Honestly I wouldn't bother getting grinds for a subject like religion. It's more about learning than understanding so I'd just buy the Veritas books and teach it to myself. That beng said, only take it up if you're genuinely interested in religion, philosophy and that type of thing and can write very well under immense time pressure (the exam consists of 8 two to three page essays at 17 minutes apiece!) Sometimes you might need to suppliment your books with online notes because they're a bit out of date. Once you look at exam questions you'll see what I mean. If you want to save time then I'd recommend section G as your elective. It's simple and short, albeit a bit boring and airy fairy. Also, the sample answers on here are way too long so don't get freaked out by them.

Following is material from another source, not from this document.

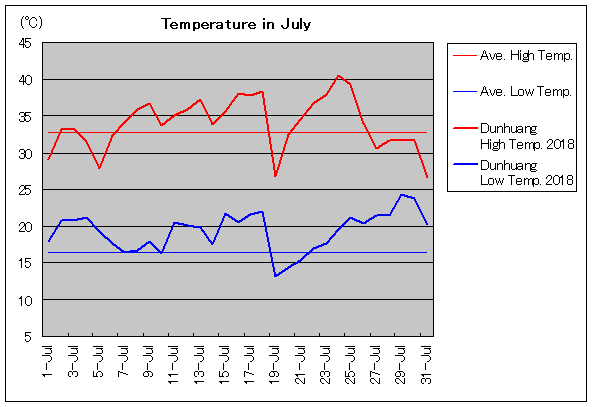 2018年、敦煌 7月気温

I think you need a registered teacher to sign off on your project though so maybe enquire at school about that. It's a nice subject so if you do it I hope you enjoy it.
Contradictory to the paragraph above, religion is more about understanding rather than learning.

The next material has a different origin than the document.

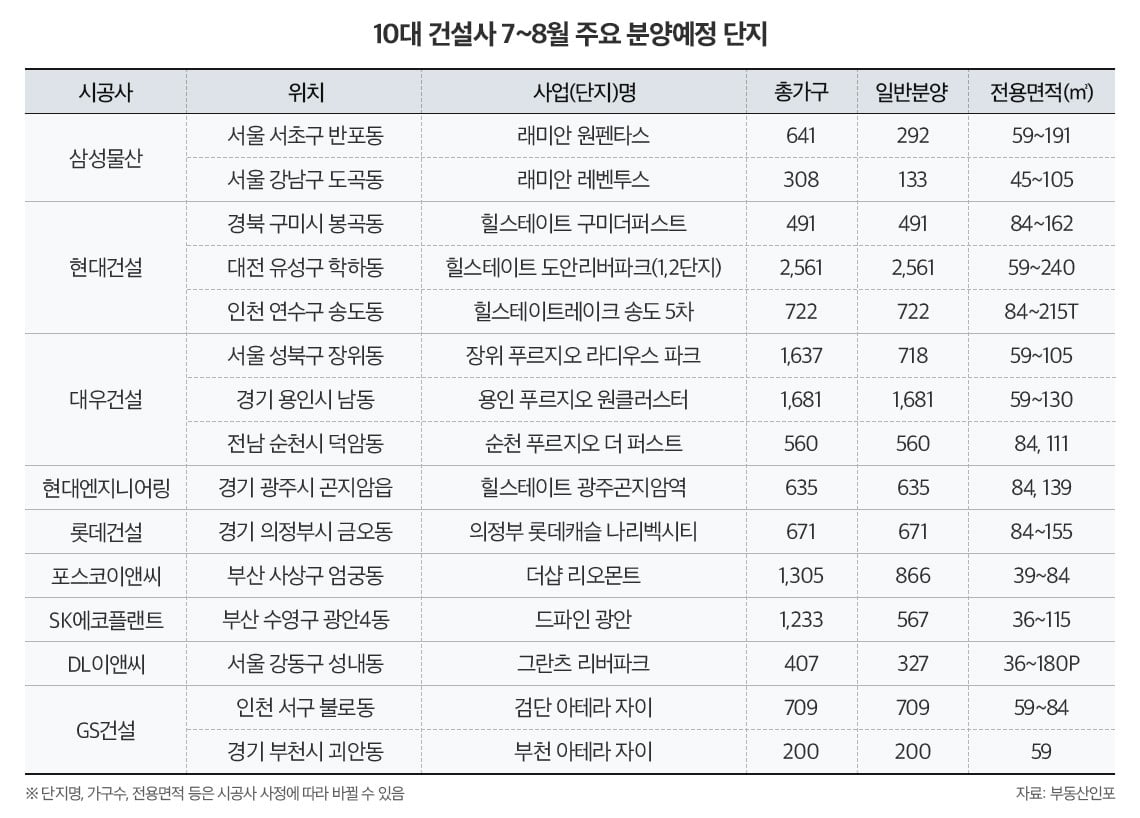 2024년 7월~8월 10대 건설사 분양단지. 부동산인포 제공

Key parts of the religion course are philosophy (Ancient Greece), you must understand this, morality, conscience, etc.
You may need a teacher to sign off on your project - consult one. In general, you need guidance. You need guidance on many different areas of the course as well as the project as it can get confusing if you are doing it alone. I would recommend a teacher for weekly grinds. Don't expect a H1 if you attempt to self teach. I am not trying to put you down, but you are trying to cram a two year course with no understanding of it. How can you 'teach yourself' if you do not already understand it? You cant. However, you could definitely achieve a pass i.e. H5 to H4 if you really worked at it (video lessons, constant essays, reading Veritas and other religion course books). The project is concerning though, as a teacher is required to A). Deliver to you the state exam paper and B). offer you sufficient guidance in completing it.
I stand by what I said. Fair enough, having a glance at the syllabus might make you think it's all about understanding, critical thinking, analysing and all that stuff, but realistically they're never going to ask you to debate Plato's Theory of Duality, just to outline it, which isn't rocket science. Honestly I think the poster above is making the subject sound harder than it actually is. Anybody who can write well and manipulate language could get a H3 easily I'd say, and that would be with minimal effort. Don't be put off. Ultimately the only person who knows the best for you is you. Good luck with your decision.